More than one in five members of the Christian Brothers order were alleged child sexual abuse perpetrators and 7% of Australian Catholic priests have allegedly perpetrated abuse since 1950, the royal commission into institutional responses to child sexual abuse has been told.
The commission reopened in Sydney today for its 50th case study, looking into the policies and procedures of Catholic church authorities. Six archbishops from across Australia have been called to give evidence in the coming weeks. It’s the 16th time the four-year-long inquiry has looked into the Catholic church and the first time figures have been released on abuse levels.
Senior counsel assisting, Gail Furness SC, outlined shocking levels of child sexual abuse in her opening address, saying 4,444 people were allegedly abused between 1980 and 2015 in around 1000 different institutions.
“Of priests from the 75 Catholic Church authorities with priest members surveyed, who ministered in Australia between 1950 and 2010, 7.9% of diocesan priests were alleged perpetrators and 5.7% of religious priests were alleged perpetrators,” Furness said. “Overall, 7% of priests were alleged perpetrators.”

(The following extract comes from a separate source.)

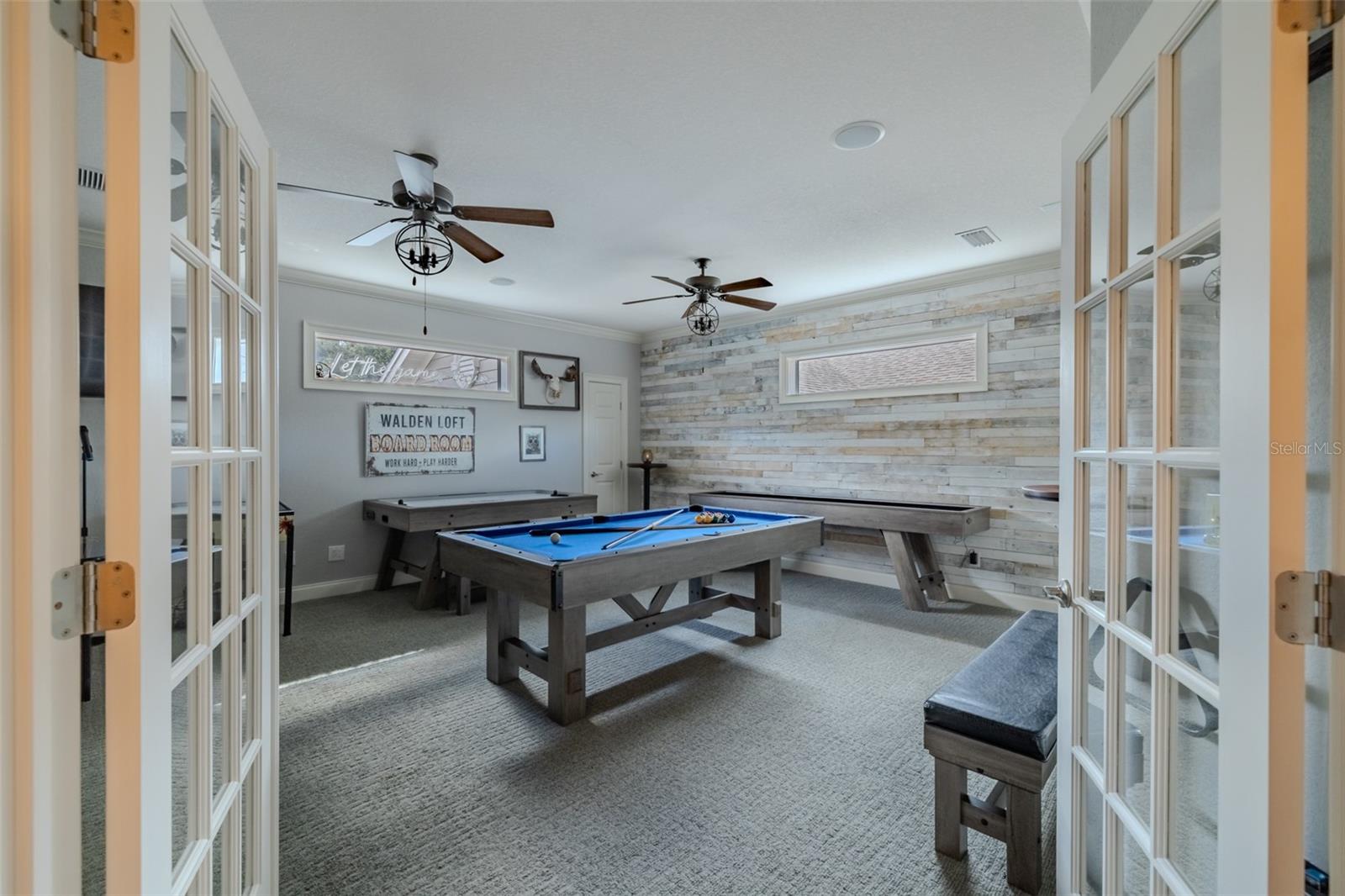 FISH HAWK TRAILS UNITS 01 & 02 - Residential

The average age of the victims was just 10.5 for girls and 11.6 for boys. On average, it took around 33 years from the incident before claims of abuse emerged.

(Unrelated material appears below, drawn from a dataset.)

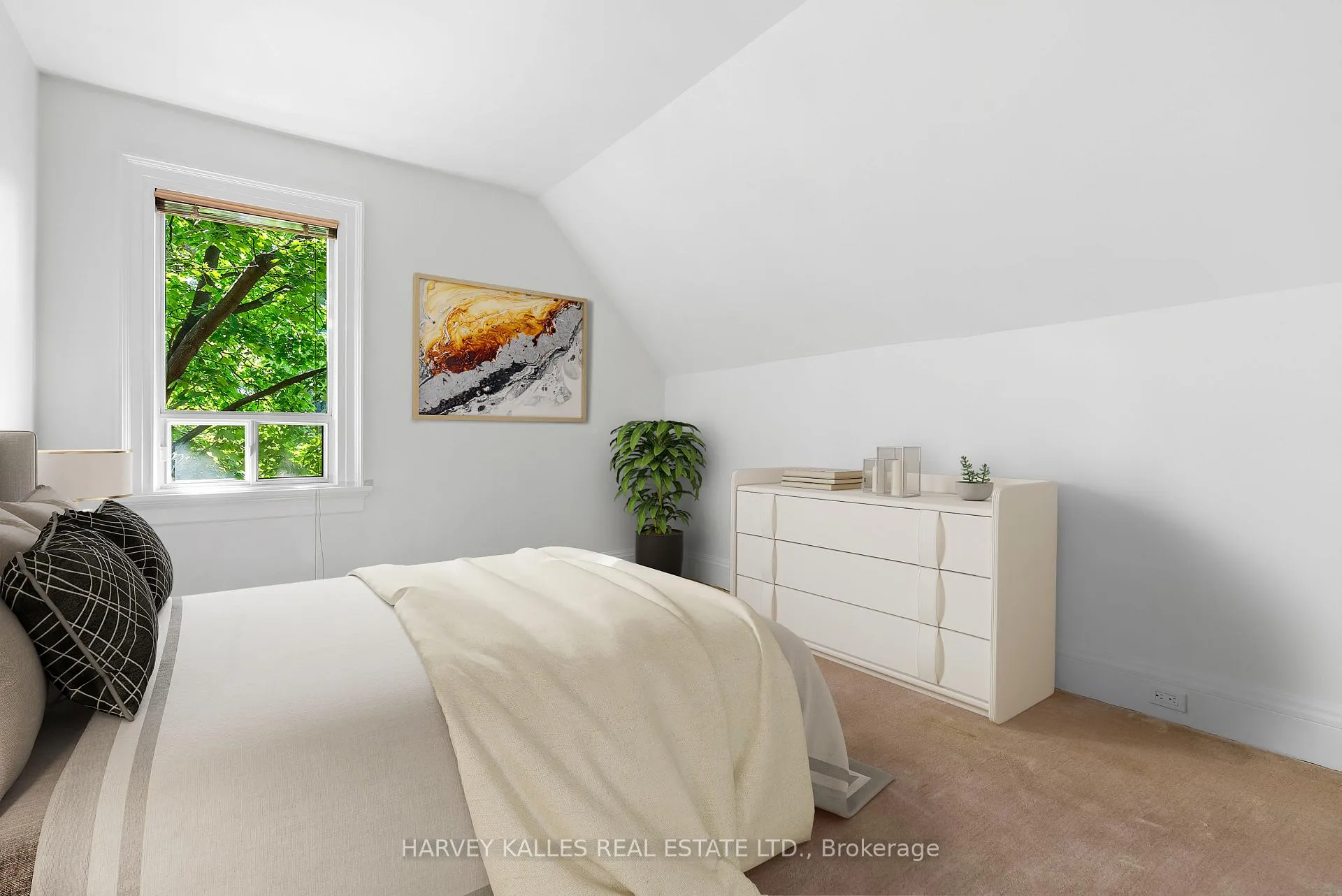 Photo 22 of 65 Elgin Avenue, Toronto, The Annex — HOMEH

The widespread levels of abuse outlined by Furness over the last four decades include the Marist Brothers, which like the Christian Brothers, runs schools, and 20% of the order were perpetrators. The figure climbed to a staggering 40.4% in the St John of God Brothers order.
Among the abusers, nearly 1,900 have been identified, but another 500 are still unknown. Among the perpetrators, 32% were religious brothers, 30% were priests, and 29% were lay people, with religious sisters at 5%.

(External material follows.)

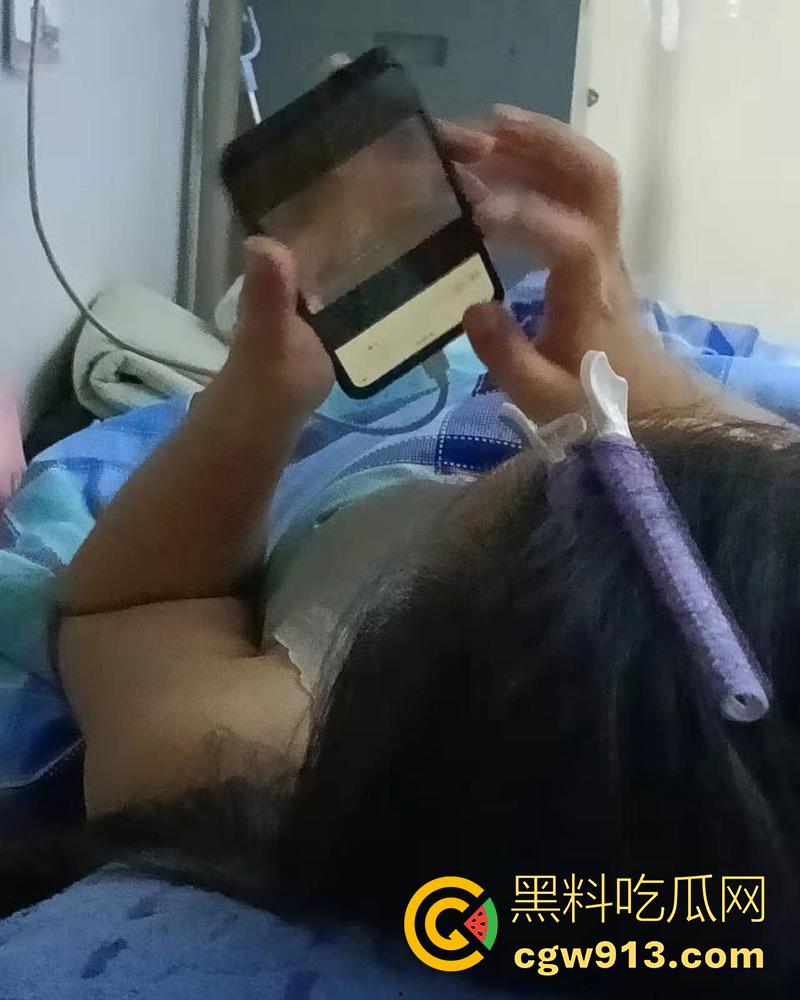 女生宿舍偷拍室友发骚,被窝里自拍小穴给网友,看来是憋坏了啊,果然表面再清纯,私下也是骚逼!-3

Data suggested 21.5% of priests from the Benedictine Community of New Norcia were alleged perpetrators.
There were regional hotspots of abuse, most notably in Sale and Sandhurst in Victoria, with around 15% of priests allegedly responsible, followed by Port Pirie in South Australia, and Lismore and Wollongong in NSW.
Nearly four in every 10 private sessions (37%) held with abuse survivors involved the Catholic church.
Furness said accounts of abuse survivors “were depressingly similar”.
“Children were ignored or worse, punished. Allegations were not investigated. Priests and religious (members) were moved,” she said.
“The parishes or communities to which they were moved knew nothing of their past. Documents were not kept or they were destroyed. Secrecy prevailed as did cover ups.
“Priests and religious (members) were not properly dealt with and outcomes were often not representative of their crimes. Many children suffered and continue as adults to suffer from their experiences in some Catholic institutions.”
The abuse claims were made to 93 Catholic Church authorities and the Holy See blocked attempts by the royal commission to find out what action was taken by the church against priests suspected of abuse.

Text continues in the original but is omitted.